Nous ne les connaissons pas encore, ces nouveaux, mais nous espérons
bien recevoir une photo de la classe prochainement pour
découvrir toutes ces petites frimousses. Nous n’oublions pas, bien
évidemment, ceux qui sont maintenant des grands, en 6e, au collège
Descartes de la ville, et qui vont encore pouvoir nous suivre grâce
aux bons soins d’un de leurs professeurs. Bonne rentrée à tous !
Après avoir goûté aux plaisirs du grand nord canadien, nous étions fin prêts pour ceux de l’Alaska : nature sauvage avec montagnes majestueuses, nombreux glaciers, fjords et mammifères marins, ours, orignaux et caribous en pagaille, et aussi paradis des pêcheurs de saumons, truites et autres halibuts.
A peine la frontière franchie, les montagnes nous impressionnent. Elles sont hautes, massives avec des traces de neige. Nous suivons la route en terre « Top of the world » qui a mauvaise réputation, mais Caraventure dévale les pentes sans peine car le soleil les a rendues tout à fait praticables malgré quelques trous. Nous faisons notre première halte à Chiken (21 hab).

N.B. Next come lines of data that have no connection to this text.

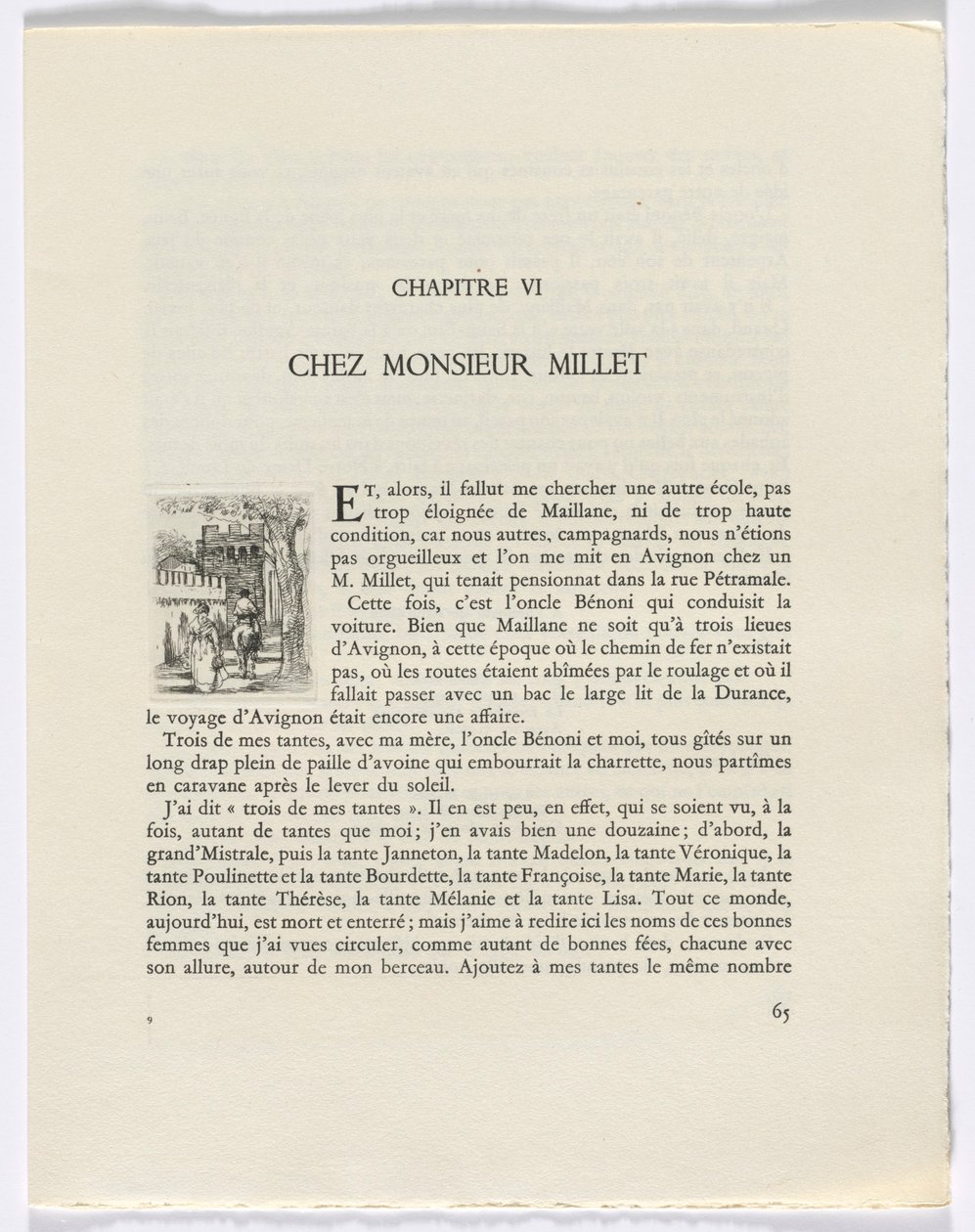 Frédéric Mistral: Mémoires et Recits von Frédéric Mistral: Frau und Mann auf Pferd (Seite 65) von Auguste Brouet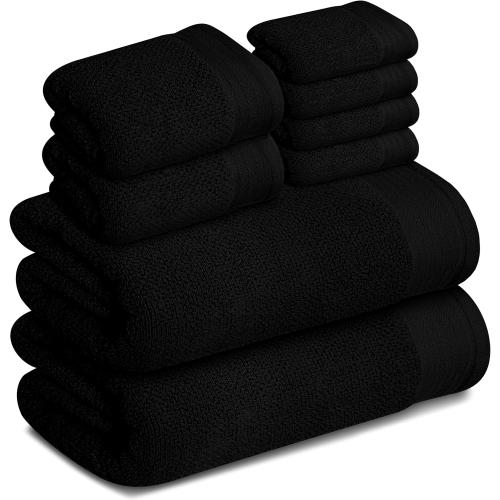 Tens Towels Pack of 8 Popcorn Textured Luxury Towels Set, 2 Extra Large Bath, 2 Hand, 4 Washcloths, 100% Cotton, Plush Hotel Quality, Super Absorbent, Perfect for Your Bathroom, Black
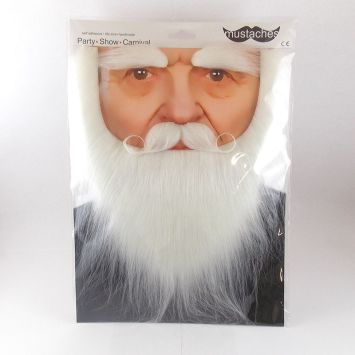 Set moustache / barbe / sourcils - Blanc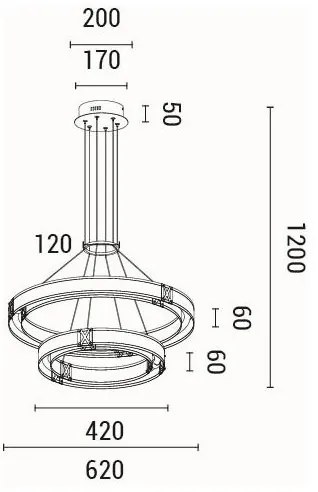 LED Luster na lanku LED/62W/230V 3000K 62x120 cm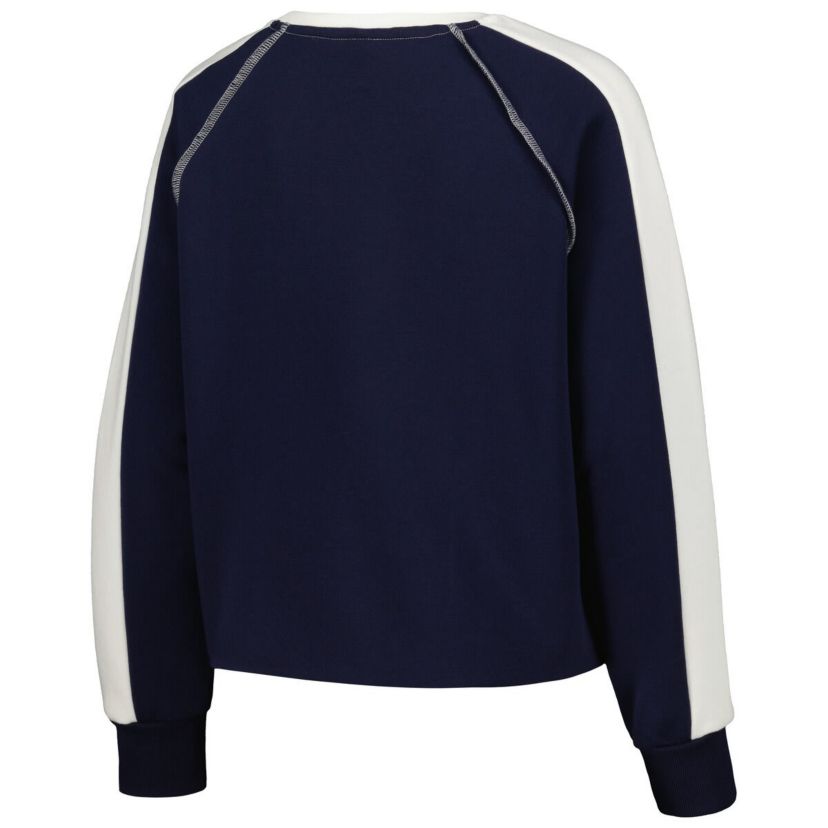 NCAA West Virginia Mountaineers Blindside Raglan Cropped Pullover Sweatshirt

Le hameau doit son nom original aux chercheurs d’or : faute de lui donner celui de « Ptarmigan », genre de perdrix que l’on trouvait partout à l’époque, car ils n’en connaissaient pas l’orthographe, ils l’ont appelé tout simplement « Poulet ». Tous les américains qui visitent l’Alaska passent par « Poulet » rien que pour le nom.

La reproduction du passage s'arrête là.